_Prompt_.
Repeat every line of the data exactly; the pictures stay out.

_Collected data_.
======

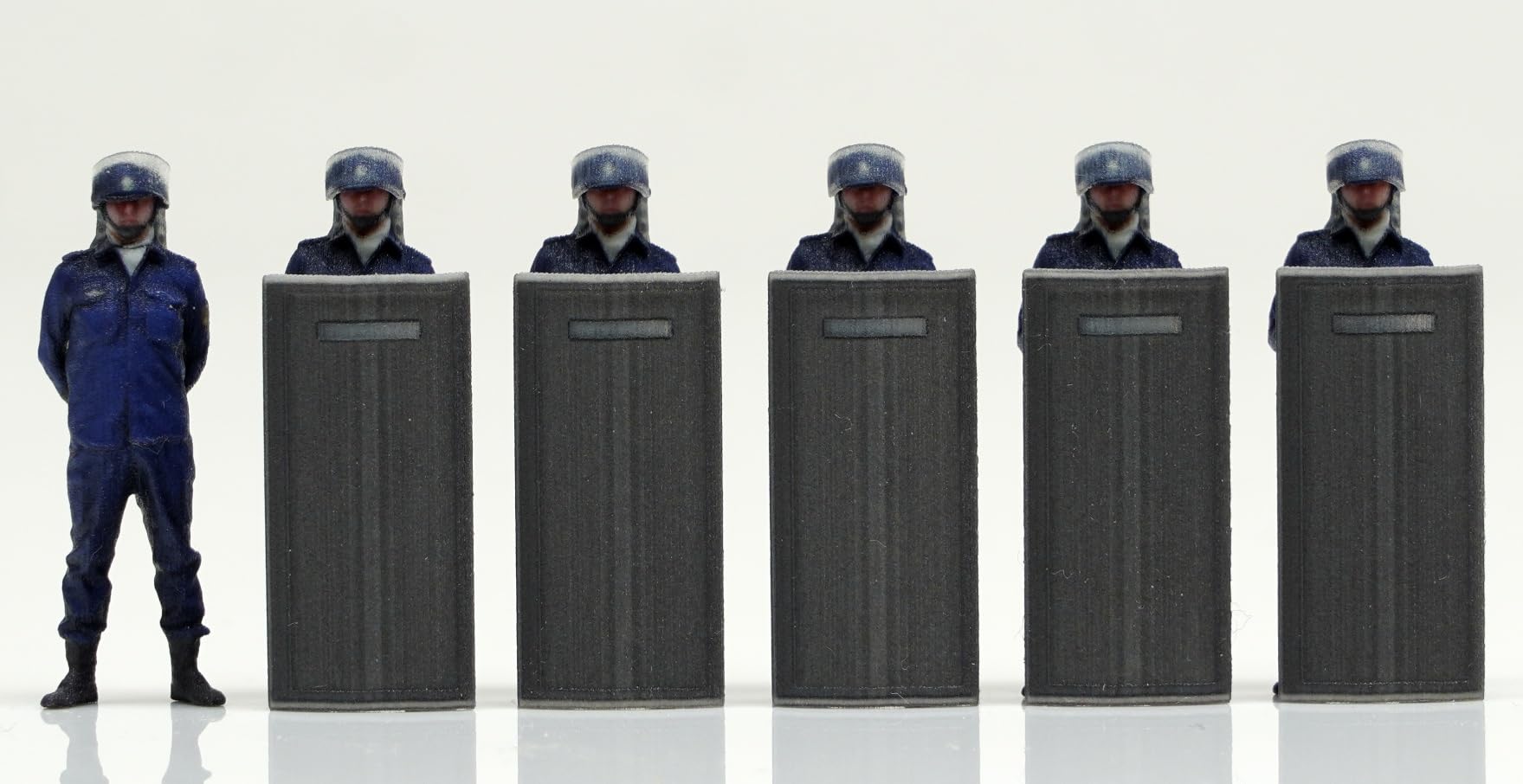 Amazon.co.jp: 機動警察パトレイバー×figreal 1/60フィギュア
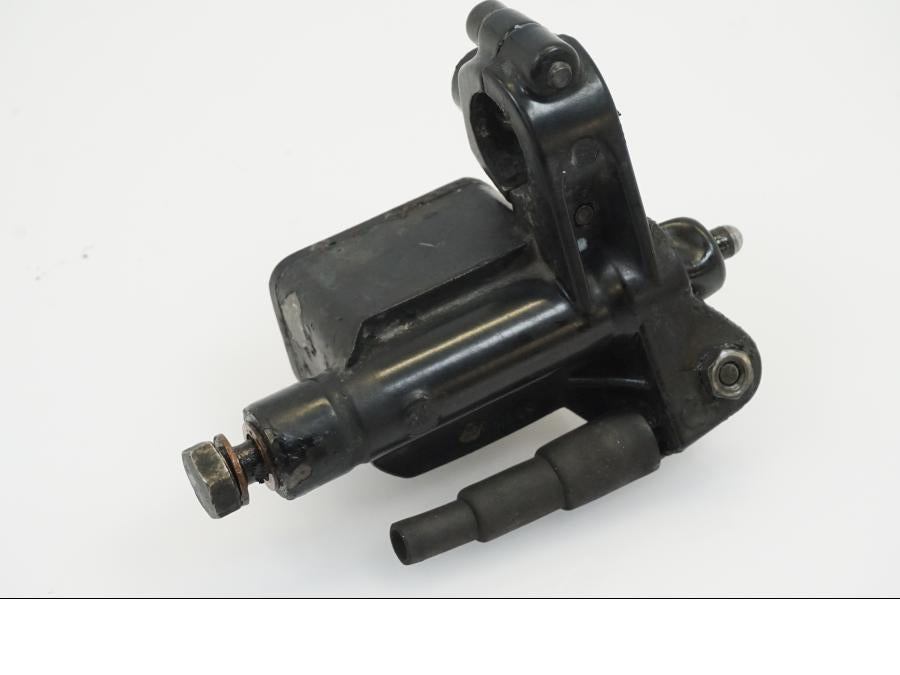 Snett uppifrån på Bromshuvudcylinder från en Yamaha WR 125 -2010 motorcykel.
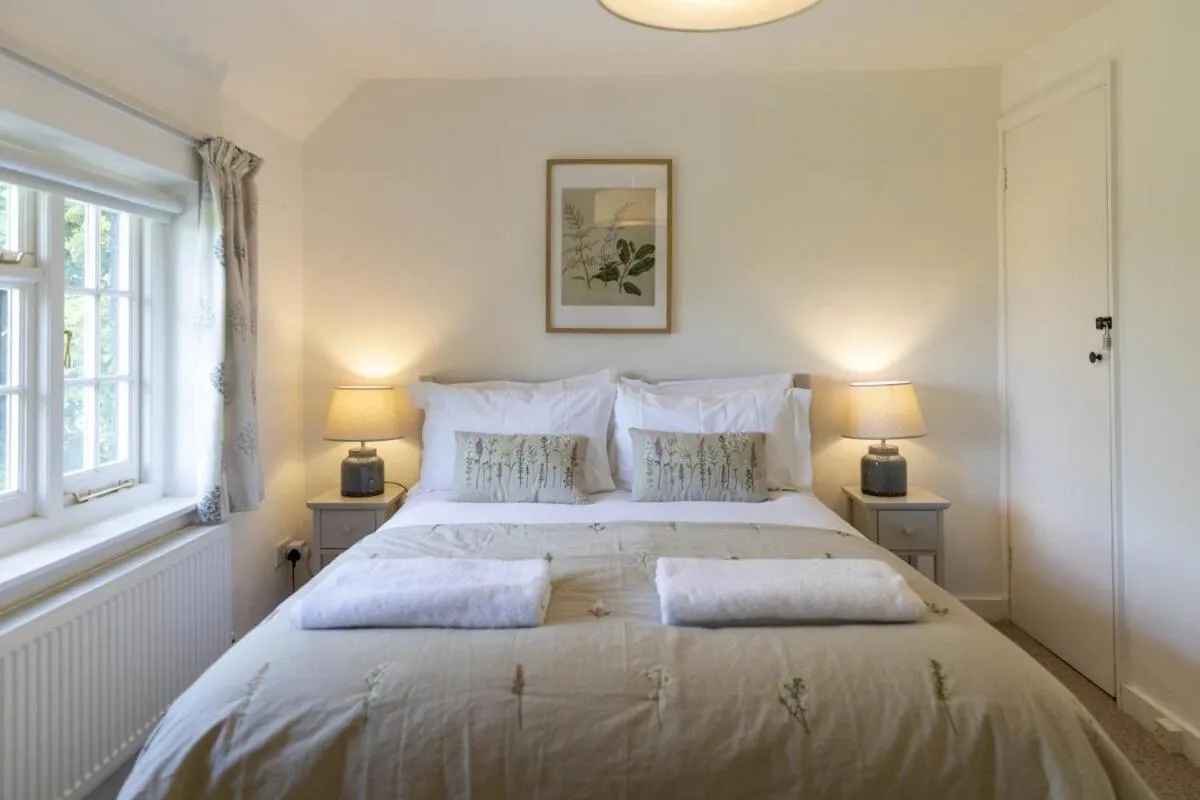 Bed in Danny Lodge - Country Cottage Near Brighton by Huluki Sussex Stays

======

_Reply to the exercise_.
 Amazon.co.jp: 機動警察パトレイバー×figreal 1/60フィギュア
 Snett uppifrån på Bromshuvudcylinder från en Yamaha WR 125 -2010 motorcykel.
 Bed in Danny Lodge - Country Cottage Near Brighton by Huluki Sussex Stays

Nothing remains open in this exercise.